Aim of the exercise:
Copy out the data word for word. The images are not part of the copy.

--- Available data ---

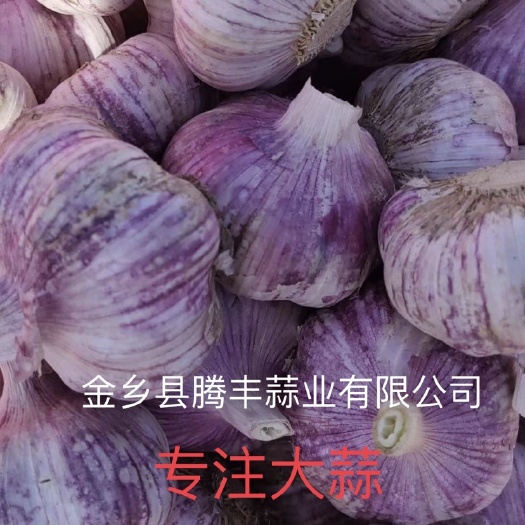金乡县 金乡红皮大蒜、直径4.5-6.5、保质保量、支持在线交易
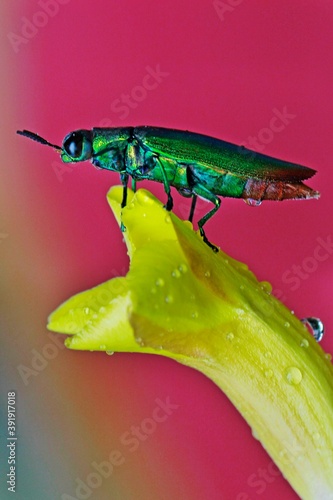 A rainbow-colored beetle (Chrysochroa sp) is resting on a flower..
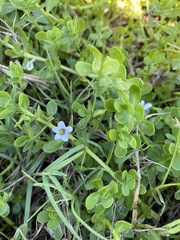 Bacopa monnieri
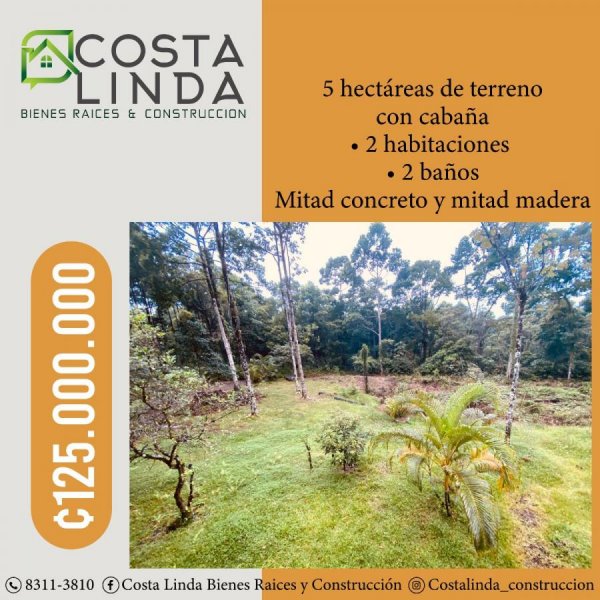 Foto Local en Venta en Guápiles, Pococí, Limón - 5 hectareas - ¢ 125.000.000 - LOV62890 - BienesOnLine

---

Response:
金乡县 金乡红皮大蒜、直径4.5-6.5、保质保量、支持在线交易
 A rainbow-colored beetle (Chrysochroa sp) is resting on a flower..
 Bacopa monnieri
 Foto Local en Venta en Guápiles, Pococí, Limón - 5 hectareas - ¢ 125.000.000 - LOV62890 - BienesOnLine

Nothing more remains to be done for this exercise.